At
Thursday evening's Gotham Writers’ Workshop free
90-minute Creative Writing 101 class in Bryant Park’s Reading Room, Alex Steele
invited participants to engage in several short writing exercises, including
one focusing on the imagination. Inviting those in attendance to randomly attach
nouns to the word “the”, the class developed the following list to serve as writing prompts.

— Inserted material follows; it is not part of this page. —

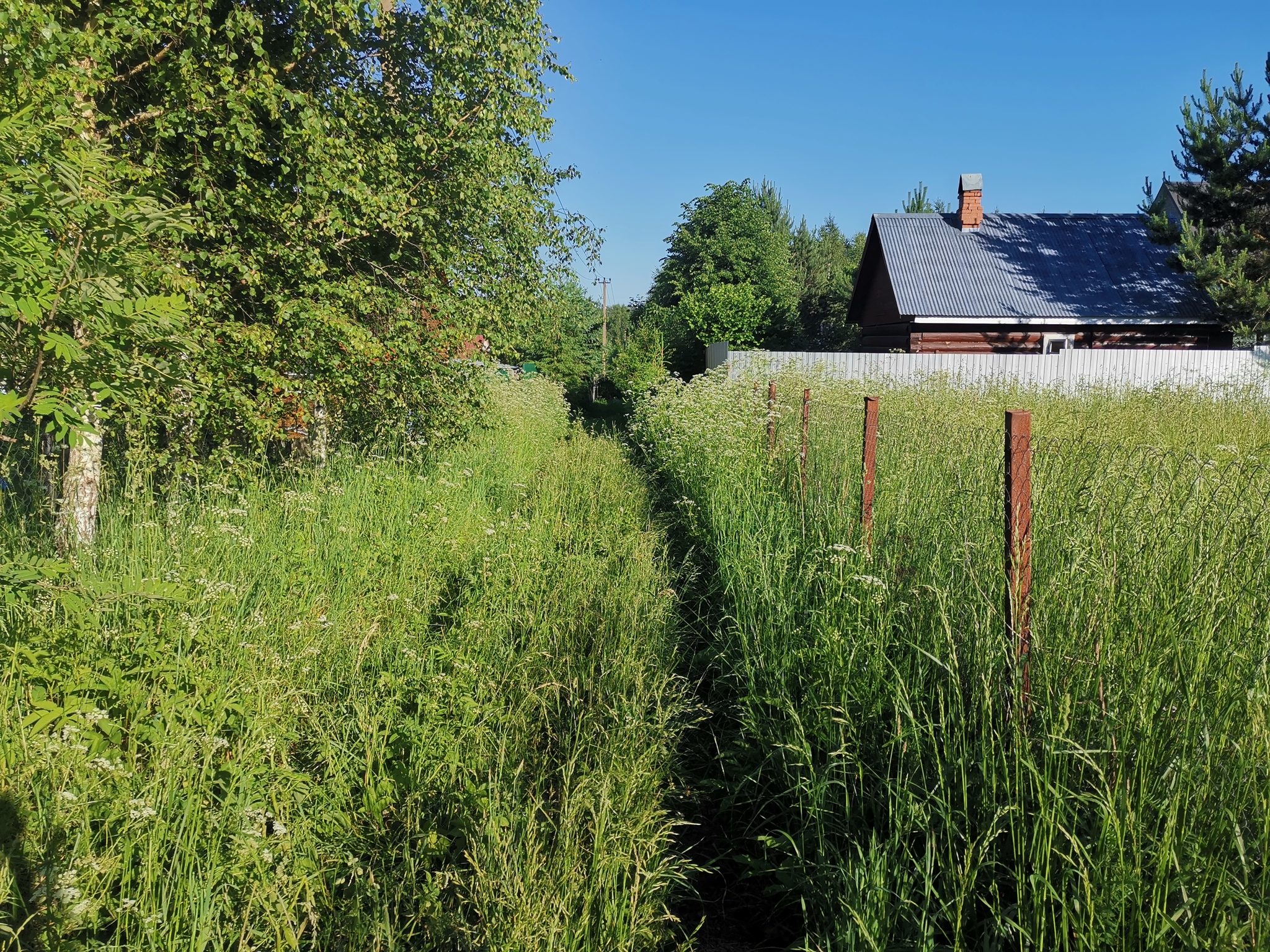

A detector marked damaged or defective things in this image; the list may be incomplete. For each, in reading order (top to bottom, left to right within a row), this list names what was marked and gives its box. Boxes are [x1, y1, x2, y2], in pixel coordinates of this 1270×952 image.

rusty metal fence post [766, 383, 777, 457]
rusty metal fence post [797, 388, 807, 500]
rusty metal fence post [858, 395, 879, 543]
rusty metal fence post [1006, 411, 1036, 710]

The Stones (my contribution)
The Girl
The Statue
The Eyesore
The Voice
The Google
The
Panelist
Raising
my pen above my pad of paper with list of prompts, I closed my eyes and lowered my hand, the
tip of the pen coming to rest on “The Panelist”. I then wrote, allowing my imagination to lead
me. This four paragraph vignette is the result.
The
panelist sat in his own sweat, not sure how to respond to the question from the
audience. He had been billed as a man of
knowledge, an expert even, and a profound thinker, yet he had no words, no ideas,
and no answer to offer in response to the query. His mind was as blank as Kant’s
tabula.
His
heart pounding at a fearful rate, his fingers fidgeting with pencil in his
hand, he loosened his shirt collar as he thought his moment of silence
certainly betrayed his incompetence. Then it struck him, like a dream image
arising from Jung’s collective unconscious. Inspiration burst forth.
“You
ask a deep and profound question” he said, “and sometimes, I think—no, I
believe, that the questions we ask are far more important than any answer
someone might give us. So never stop asking questions. And do not take the bullshit answers of so
called expert panelists as the last word.

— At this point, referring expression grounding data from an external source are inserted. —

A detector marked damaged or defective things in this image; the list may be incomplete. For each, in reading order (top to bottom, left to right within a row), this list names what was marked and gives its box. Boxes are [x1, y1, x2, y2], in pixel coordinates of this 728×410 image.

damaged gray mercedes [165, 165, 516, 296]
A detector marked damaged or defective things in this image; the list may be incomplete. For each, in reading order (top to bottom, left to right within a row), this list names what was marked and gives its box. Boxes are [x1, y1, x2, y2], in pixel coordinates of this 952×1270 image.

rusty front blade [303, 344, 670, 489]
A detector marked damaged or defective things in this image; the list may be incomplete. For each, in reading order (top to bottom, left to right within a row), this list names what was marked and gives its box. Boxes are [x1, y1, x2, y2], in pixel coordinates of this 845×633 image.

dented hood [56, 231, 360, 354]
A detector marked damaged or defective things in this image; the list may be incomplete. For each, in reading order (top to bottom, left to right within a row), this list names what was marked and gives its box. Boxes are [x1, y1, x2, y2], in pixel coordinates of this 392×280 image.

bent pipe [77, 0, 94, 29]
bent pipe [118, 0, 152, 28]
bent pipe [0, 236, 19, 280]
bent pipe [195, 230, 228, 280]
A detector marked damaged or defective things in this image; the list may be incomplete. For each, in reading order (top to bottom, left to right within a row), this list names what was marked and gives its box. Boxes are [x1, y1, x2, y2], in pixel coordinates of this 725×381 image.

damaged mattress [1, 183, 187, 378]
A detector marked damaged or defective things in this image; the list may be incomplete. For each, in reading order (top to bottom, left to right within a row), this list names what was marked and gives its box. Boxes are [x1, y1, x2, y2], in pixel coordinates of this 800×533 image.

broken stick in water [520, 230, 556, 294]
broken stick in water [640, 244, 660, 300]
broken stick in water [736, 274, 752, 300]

The answer to your question, if there is an answer, is within you.”
He paused. He heard a silent gasp, then a single hand
clap followed by a cacophony of hands clapping and growing exponentially into
thunderous applause. He set his pencil
down, folded his hands in front of him, looking smugly at the audience in front
of him. With humble self-confidence he breathed a sigh of relief. His
reputation as a profound thinker was intact.
2 comments:
Bravo! So I wish I had access to such workshops in my neck of the woods....
Gotham Writers Workshop offers some on-line courses but I do not have any personal experience with them.. I have not paid for any of their courses. I have attended those courses that are free.